In the records below, find the line that contains "809 Matsons Ford" and the line that contains "Sathish Kumar Sekar", then retype exactly those two lines and every line between them.
_ _ _
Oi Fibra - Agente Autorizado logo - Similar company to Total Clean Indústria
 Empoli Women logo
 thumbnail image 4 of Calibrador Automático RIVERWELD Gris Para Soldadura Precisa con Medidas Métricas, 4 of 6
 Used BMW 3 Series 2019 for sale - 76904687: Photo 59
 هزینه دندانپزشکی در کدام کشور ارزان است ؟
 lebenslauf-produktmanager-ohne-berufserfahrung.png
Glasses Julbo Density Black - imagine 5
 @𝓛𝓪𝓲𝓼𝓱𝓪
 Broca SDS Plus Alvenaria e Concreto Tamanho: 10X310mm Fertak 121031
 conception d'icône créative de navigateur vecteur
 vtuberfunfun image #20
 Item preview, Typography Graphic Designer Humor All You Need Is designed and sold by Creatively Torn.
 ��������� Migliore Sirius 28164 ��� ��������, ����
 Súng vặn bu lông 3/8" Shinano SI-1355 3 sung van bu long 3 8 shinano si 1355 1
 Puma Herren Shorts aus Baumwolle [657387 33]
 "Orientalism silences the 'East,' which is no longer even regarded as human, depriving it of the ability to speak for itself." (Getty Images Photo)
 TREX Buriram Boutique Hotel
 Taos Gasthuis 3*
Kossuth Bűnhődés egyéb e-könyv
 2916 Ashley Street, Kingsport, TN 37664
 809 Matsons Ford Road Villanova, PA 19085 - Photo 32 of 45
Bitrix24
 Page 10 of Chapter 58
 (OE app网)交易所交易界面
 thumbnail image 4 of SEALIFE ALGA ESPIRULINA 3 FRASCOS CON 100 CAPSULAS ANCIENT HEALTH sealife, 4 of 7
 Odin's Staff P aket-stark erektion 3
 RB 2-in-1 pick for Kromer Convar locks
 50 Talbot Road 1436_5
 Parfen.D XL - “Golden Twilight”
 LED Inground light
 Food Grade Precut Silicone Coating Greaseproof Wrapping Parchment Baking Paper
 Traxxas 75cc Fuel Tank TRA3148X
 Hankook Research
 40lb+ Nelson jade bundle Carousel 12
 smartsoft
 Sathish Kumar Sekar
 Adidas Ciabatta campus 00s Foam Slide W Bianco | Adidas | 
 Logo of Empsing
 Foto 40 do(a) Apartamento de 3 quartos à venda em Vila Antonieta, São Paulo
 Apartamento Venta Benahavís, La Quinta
_ _ _
**ANSWER FOR THIS EXERCISE**:
 809 Matsons Ford Road Villanova, PA 19085 - Photo 32 of 45
Bitrix24
 Page 10 of Chapter 58
 (OE app网)交易所交易界面
 thumbnail image 4 of SEALIFE ALGA ESPIRULINA 3 FRASCOS CON 100 CAPSULAS ANCIENT HEALTH sealife, 4 of 7
 Odin's Staff P aket-stark erektion 3
 RB 2-in-1 pick for Kromer Convar locks
 50 Talbot Road 1436_5
 Parfen.D XL - “Golden Twilight”
 LED Inground light
 Food Grade Precut Silicone Coating Greaseproof Wrapping Parchment Baking Paper
 Traxxas 75cc Fuel Tank TRA3148X
 Hankook Research
 40lb+ Nelson jade bundle Carousel 12
 smartsoft
 Sathish Kumar Sekar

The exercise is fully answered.